Certains initiés le savent ici, Jean-Marc Barr est une sorte de mascotte pour nous depuis qu’a surgi, dans notre paysage cinématographique franco-planétaire, la mythique « free trilogy », ou « trilogie de la liberté » en VF, qu’il a réalisée avec son compère Pascal Arnold. Comme son nom l’indique, la « free trilogy » est composée de trois films consacrés à la liberté : Lovers, Too much flesh, Being light. Trois oeuvres qui certes jetaient les bases d’une philosophie radicalement révolutionnaire (dont la formule officielle était, selon les auteurs, la théorie du « désenchantement illuminé », autrement dit : « la liberté c’est super, putain »), mais surtout formaient comme le pivot central de notre chère Constellation de la Lobotomie Heureuse, magma de babas fables existentialistes et de films déments et vermeils, parmi lesquels brillent les trop méconnus T’aime de Patrick Sébastien, Le Margouillat de Jean-Michel Gibard, Se Souvenir des belles choses de Zabou Breitman, Les Percutés de Gérard Cuq et autre Pauline et Paulette de Pierre-Paul Renders. Ce bref rappel historique en guise d’introduction, donc, pour suggérer quelle émotion est la nôtre au moment de découvrir la nouvelle Oeuvre du divin duo.
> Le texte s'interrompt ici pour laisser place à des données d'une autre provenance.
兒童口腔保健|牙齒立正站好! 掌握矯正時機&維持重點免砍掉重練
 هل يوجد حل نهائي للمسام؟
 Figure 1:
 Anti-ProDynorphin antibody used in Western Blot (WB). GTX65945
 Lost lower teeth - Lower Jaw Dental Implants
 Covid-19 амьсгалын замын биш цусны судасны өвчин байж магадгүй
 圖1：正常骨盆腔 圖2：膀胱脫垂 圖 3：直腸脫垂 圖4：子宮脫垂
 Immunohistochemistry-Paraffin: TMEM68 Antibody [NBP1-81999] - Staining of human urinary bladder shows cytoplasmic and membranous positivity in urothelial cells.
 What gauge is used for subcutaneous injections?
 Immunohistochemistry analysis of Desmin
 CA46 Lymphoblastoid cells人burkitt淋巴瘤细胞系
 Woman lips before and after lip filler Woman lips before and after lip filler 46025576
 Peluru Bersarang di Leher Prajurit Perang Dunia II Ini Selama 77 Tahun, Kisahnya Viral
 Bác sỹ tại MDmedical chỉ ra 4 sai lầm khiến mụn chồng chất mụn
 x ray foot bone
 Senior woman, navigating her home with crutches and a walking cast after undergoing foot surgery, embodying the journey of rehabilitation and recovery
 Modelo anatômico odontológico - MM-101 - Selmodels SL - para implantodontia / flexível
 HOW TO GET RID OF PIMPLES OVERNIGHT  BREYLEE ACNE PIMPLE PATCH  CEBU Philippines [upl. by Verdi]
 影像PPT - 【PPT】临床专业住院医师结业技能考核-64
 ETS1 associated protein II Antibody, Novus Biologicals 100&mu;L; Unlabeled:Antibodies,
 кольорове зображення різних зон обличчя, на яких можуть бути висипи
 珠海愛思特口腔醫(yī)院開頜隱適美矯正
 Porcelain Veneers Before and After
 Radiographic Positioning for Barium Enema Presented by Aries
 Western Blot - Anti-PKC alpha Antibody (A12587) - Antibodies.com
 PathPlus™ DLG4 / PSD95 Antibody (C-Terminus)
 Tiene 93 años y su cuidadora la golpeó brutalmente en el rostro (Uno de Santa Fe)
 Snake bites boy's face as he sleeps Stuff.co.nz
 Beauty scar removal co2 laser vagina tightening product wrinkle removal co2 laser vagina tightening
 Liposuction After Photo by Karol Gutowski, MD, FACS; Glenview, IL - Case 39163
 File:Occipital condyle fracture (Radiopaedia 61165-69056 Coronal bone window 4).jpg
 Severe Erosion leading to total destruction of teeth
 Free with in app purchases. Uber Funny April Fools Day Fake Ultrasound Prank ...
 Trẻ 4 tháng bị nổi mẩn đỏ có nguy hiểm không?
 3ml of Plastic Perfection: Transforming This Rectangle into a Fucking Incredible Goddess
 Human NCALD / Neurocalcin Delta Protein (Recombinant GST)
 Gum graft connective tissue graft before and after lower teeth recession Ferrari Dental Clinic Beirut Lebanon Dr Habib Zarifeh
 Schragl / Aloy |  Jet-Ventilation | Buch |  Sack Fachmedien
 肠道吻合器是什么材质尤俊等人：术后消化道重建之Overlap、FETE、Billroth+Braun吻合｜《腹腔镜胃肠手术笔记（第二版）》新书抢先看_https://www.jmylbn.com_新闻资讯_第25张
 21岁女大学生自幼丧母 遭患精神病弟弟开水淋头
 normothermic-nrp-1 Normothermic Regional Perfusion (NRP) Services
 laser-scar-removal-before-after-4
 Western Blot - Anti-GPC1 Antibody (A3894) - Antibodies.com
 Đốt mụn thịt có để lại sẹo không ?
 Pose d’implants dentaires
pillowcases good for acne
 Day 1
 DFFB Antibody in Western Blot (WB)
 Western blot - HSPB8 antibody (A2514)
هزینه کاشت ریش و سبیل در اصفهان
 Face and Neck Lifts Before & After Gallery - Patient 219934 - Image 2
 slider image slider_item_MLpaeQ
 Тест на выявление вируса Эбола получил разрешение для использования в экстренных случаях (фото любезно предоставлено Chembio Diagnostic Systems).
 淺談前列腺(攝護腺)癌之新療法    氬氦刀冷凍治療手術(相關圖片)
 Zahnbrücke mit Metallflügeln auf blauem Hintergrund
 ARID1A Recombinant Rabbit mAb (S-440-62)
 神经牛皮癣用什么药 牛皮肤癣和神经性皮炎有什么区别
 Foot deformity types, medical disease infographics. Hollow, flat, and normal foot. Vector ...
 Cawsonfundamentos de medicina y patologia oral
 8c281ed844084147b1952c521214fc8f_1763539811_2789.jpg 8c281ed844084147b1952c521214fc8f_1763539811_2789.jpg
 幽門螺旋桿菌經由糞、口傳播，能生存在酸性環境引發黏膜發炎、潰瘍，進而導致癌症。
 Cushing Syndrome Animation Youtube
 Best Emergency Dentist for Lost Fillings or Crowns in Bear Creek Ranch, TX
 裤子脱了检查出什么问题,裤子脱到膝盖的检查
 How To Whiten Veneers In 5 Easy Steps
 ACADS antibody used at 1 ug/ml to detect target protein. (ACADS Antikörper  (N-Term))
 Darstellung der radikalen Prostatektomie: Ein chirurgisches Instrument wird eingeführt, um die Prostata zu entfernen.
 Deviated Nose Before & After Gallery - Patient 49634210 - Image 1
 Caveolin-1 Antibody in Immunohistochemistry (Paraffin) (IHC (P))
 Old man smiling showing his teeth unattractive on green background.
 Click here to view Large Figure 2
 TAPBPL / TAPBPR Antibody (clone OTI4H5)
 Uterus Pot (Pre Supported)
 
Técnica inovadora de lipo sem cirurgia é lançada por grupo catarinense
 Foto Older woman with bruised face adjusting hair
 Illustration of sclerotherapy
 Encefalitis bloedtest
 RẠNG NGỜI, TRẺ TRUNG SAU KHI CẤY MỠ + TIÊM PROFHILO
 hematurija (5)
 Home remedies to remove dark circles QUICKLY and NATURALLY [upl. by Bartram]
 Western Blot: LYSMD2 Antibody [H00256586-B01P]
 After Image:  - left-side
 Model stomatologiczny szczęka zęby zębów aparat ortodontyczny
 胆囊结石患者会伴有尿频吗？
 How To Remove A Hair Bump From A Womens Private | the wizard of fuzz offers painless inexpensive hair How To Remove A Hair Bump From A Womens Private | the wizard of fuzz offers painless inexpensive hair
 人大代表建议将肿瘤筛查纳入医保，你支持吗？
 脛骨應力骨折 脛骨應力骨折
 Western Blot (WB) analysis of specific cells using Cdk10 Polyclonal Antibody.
Le film s’appelle Chacun sa nuit. Inutile de déclencher une alerte rouge, il est, hélas, plus insignifiant que surréaliste, neuneu sans doute, mais insuffisamment rigolo. Une sorte de ratage pour nos deux artistes qui n’ont su insuffler à ce récit, à mi-chemin entre Julie Lescaut et un ciné-poème à la gloire du Cap d’Agde, la grâce dionysiaque de leurs paraboles d’antan. L’histoire : un groupe de jeunes, quelques garçons, une fille et le frère de celle-ci, ces deux derniers entretenant une mystique voire semi-incestueuse relation. On retrouve le cadavre dudit frère, battu à mort. Chacun sa nuit est donc un whodunit, mais cela compte moins que le message secret du film, qui s’unit sans le dire aux principes existentiels déjà mis en place par la trilogie bien qu’ils soient ici comme mis en veilleuse. Le temps d’un recadrage, pourtant, l’espoir est permis : au moment où l’on apprend off qu’autour du groupe rôde l’idiot du village, celui-ci apparaît furtivement bors-cadre et laisse espérer qu’il va prendre les commandes du film -l’aliéné mental étant le personnage central de tout film CLH qui se respecte. Zut : les réalisateurs s’en désintéressent vite (il a pourtant fière allure, semblant tout droit descendre d’un podium de défilé de mode) et se bornent à chanter comme d’hab’ la gracile énergie des peaux luisant au soleil de Provence et la puissance tellurique de leurs acteurs, dont la profondeur du jeu connecte le film aux flux cosmiques du Grand Tout.
Rien que de très banal de la part des auteurs. De la free trilogy, croisement tout fou entre Dogma-film des familles et journal intime de collégienne fan de Paolo Coelho, Chacun sa nuit ne conserve que l’empreinte fébrile de la quête d’une liberté sensuelle que la société des méchants tente de réprimer, coercition contre quoi s’élève la philosophie fesses-à-l’air prônée par nos deux esthètes badins et subversifs. Mais, hormis ce personnage de débile sympa trop vite expédié, rien ne filtre des résultats des recherches récentes menées par le laboratoire Arnold et Barr. Le public est déçu.